102.激突
シュテンが憑依するカエデとやり合った翌日、連合軍が本格的に攻めてきた。
その軍勢にはゾンビのような兵士が加わっており、自らの犠牲を顧みずに押し寄せてくる。
おそらくそいつらは鬼神シュテンの影響下にあるのだろう。
「敵前衛、射程距離に入ります」
「射撃開始!」
弓隊の指揮官の号令で、クロスボウから矢が放たれる。
このクロスボウは最近開発したもので、速射性と量産性を考慮したものだ。
矢を装填するには、着脱可能な装填レバーで弦を引く構造になっている。
鉄部品と魔物素材をふんだんに使っているので、通常より耐久性も高い。
そんなクロスボウを3人の小隊に3挺支給し、2人が射手となってもう1人が装填手を務める。

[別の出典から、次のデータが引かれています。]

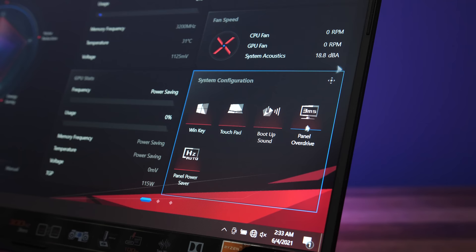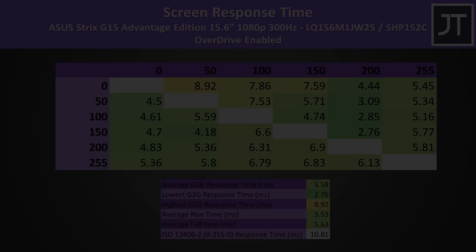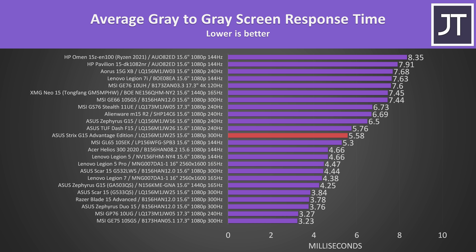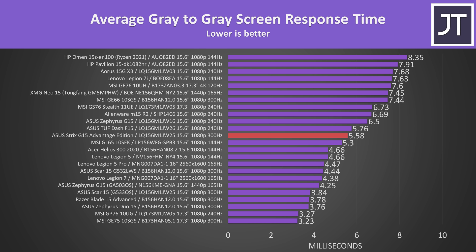Now let's check out the screen response time. The ASUS Armoury Crate software gives us the option of enabling or disabling panel overdrive, which affects screen response time. With overdrive disabled we're looking at a 7.9ms average grey-to-grey response time, but we can lower this to around 5.6ms with overdrive enabled, which is the default, though this does add a bit of overshoot. It's not the slowest 300Hz screen I've tested, but it's not below the 3.33ms needed for transitions to occur within the refresh window. Not too bad compared to others, but could be better, and expect different results with the 1440p screen option.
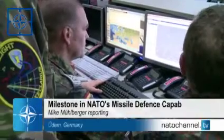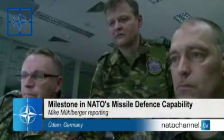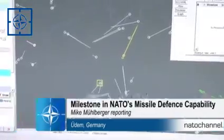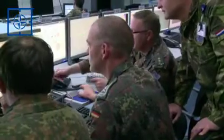The operators at NATO's Combined Air Operations Center in Germany are on high alert. They're tracking the path of a hostile ballistic missile. Their task is to intercept it. They have only minutes to react.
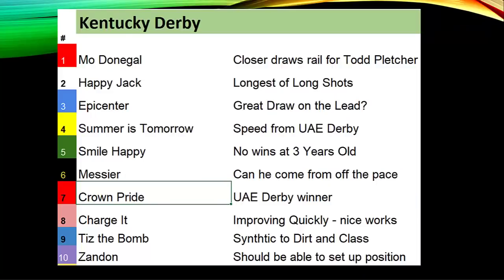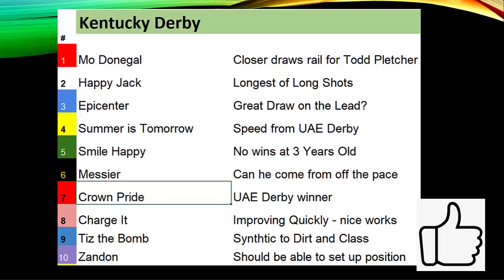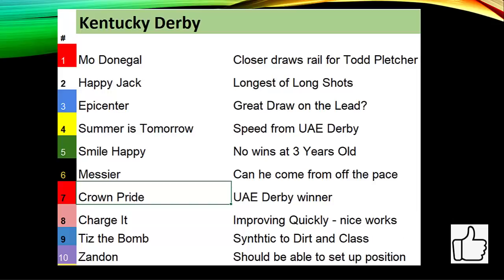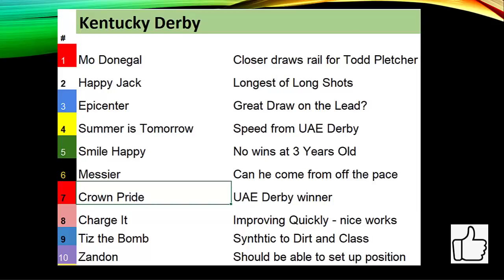Starting with post positions one through ten: Mo Donegal comes in off a big win in the Wood Memorial with the highest Brisnet speed figure of 111, trained by Todd Pletcher, drawing the rail. Happy Jack is a long shot who has lost three straight races by over 10 lengths, trained by Doug O'Neill, a two-time Kentucky Derby winner. Epicenter is the likely co-favorite, with Zandon made the morning line favorite at 3-to-1 and Epicenter at 7-to-2 — I expect him to be on the lead from post position three.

わりと力のある者を装填手に充てているが、射手には女性も多い。
我が国はまだまだ人口が少ないので、女性も駆り出さざるを得ないのは心苦しいところだ。
しかし、弓兵は盾や砦の陰に隠れるなどして、わりと安全に戦うことができる。
今も砦の矢狭間から、バンバン矢を撃っているところだ。
その威力は凄まじく、けっこうな遠距離から敵兵が倒れていた。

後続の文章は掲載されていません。